De outro lado, no dizer comum, a Arte, como ápice da cultura, acaba por inscrever a segunda na primeira, criando determinados embaraços, inclusive de políticas públicas. Tomemos como exemplo o próprio Ministério da Cultura, que por vezes enxerga mais sua necessária ação de promover a Arte, em detrimento de outras formas de manifestação artística. Ainda que por vezes isso possa se atribuir por motivações mais políticas, de alcance e abrangência que conceituais, havemos de concordar que sua função não é, somente, o fomento da Arte, mas essencialmente da cultura, em toda a sua diversidade, seja singular ou comum. Do mesmo modo que o Ministério da Educação ou da Saúde tem como função prover educação e saúde para o cidadão, ao Ministério da Cultura cabe o provimento do acesso à cultura, em sua diversidade e complexidade, e não apenas as atividades de fomento às Artes, parte essencial, mas não a totalidade da cultura de um país.

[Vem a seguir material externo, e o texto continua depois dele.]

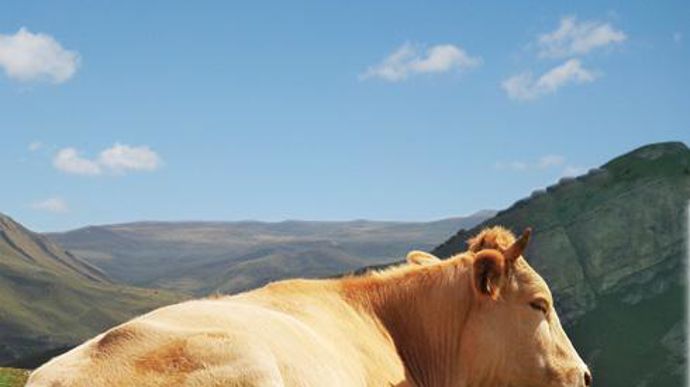 Vignasse & Donney est connue pour sa spécialisation dans la commercialisation de boeuf blond d'Aquitaine label rouge. Vignasse & Donney est connue pour sa spécialisation dans la commercialisation de boeuf blond d'Aquitaine label rouge.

A Arte, ao proporcionar objetos e ações cujos valores somente se instauram no contexto da cultura, eleva seu grau social à condição de pensamento criativo, quebrando, de certo e todo modo, a dualidade do fazer e pensar a cultura. Entrementes, será ainda preciso apontar para a característica fundante da cultura, para além das Artes, como apontado. E nesse esgarçamento conceitual, de abrangência genérica e por vezes comum, apontar o que dali se mantém, ontologicamente, como base da cultura, portanto social e compartilhado. Desde a colocação do alho em um prato característico de um local, até o modo de se vestir de um tempo, de se portar e comportar em reuniões sociais. A cultura é tudo o que aprendemos, principalmente o modo como o fazemos. E a Arte aponta, fere e rasga exatamente esses lastros fundantes da cultura, exibindo sua carne, fazendo enxergar sua pulsação contínua, desconcertante, reconfortante.